Quién soy? Soy Franco Estevanacio, Licenciado en Psicología. Nací y crecí en General Conesa, Río Negro, un lugar que siempre llevo en el corazón. Después de graduarme en la Universidad del Salvador en Bahía Blanca, me quedé en esta hermosa ciudad, que ahora es mi hogar. Creo que todos tenemos la capacidad de superar los desafíos emocionales y vivir en sintonía con nuestros valores. Me especializo en enfoques terapéuticos basados en la Terapia de Aceptación y Compromiso (ACT) y Terapia dialéctica comportamental (DBT). Me especializo en el trabajo de traumas complejos, en trastorno de la personalidad, adicciones, ansiedad y trastorno obsesivo compulsivo.
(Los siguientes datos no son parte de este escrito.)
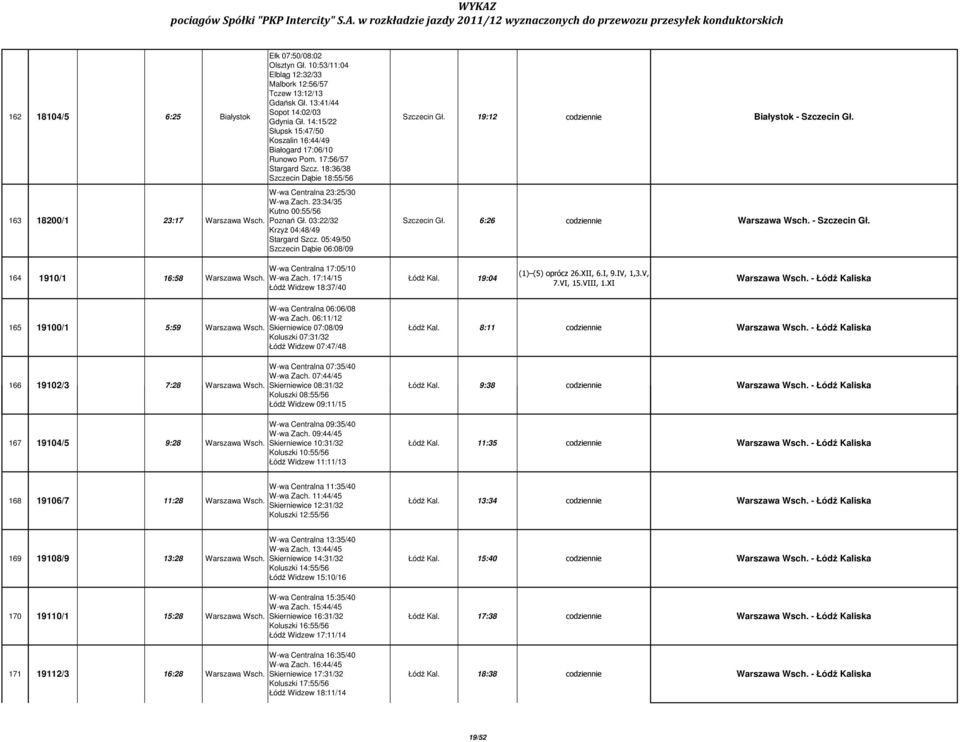 23:34/35 Kutno 00:55/56 Poznań Gł. 03:22/32 Krzyż 04:48/49 Stargard Szcz. 05:49/50 Szczecin Dąbie 06:08/09 Szczecin Gł. 6:26 Białystok - Szczecin Gł.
Mi enfoque con ACT (Terapia de Aceptación y Compromiso) y DBT (Terapia Dialéctica Conductual) va más allá de simplemente hablar de lo que te preocupa. Trabajamos activamente para que puedas generar cambios concretos en tu vida, alineados con tus valores y a tu propio ritmo. En lugar de luchar contra el malestar o evitar pensamientos difíciles, aprenderemos a relacionarte con ellos de una manera más flexible y compasiva, para que no sean un obstáculo en tu camino hacia una vida con sentido.
Trabajo con turnos reducidos y cupos limitados.
Elegir una agenda acotada me permite:
Brindar mayor dedicación a cada proceso.
Asegurar continuidad y coherencia terapéutica.
Favorecer el compromiso mutuo con el tratamiento.
Sostener intervenciones profundas y responsables.
En problemáticas como desregulación emocional, trauma o patrones de larga data, el compromiso es un factor central del cambio. Por eso priorizo procesos terapéuticos que puedan sostenerse con responsabilidad y trabajo activo.
Durante este proceso podrás aprender a:
Observar los factores internos y externos que influyen en tus conductas.
Identificar patrones que generan sufrimiento o te alejan de la vida que querés construir.
Relacionarte de otra forma con tu experiencia interna sin luchar contra ella.
Desarrollar habilidades para regular emociones y responder con mayor calma y claridad.
Fortalecer tu capacidad para mantener relaciones saludables y comunicarte desde la autenticidad.
Elegir acciones guiadas por tus valores, incluso ante emociones difíciles.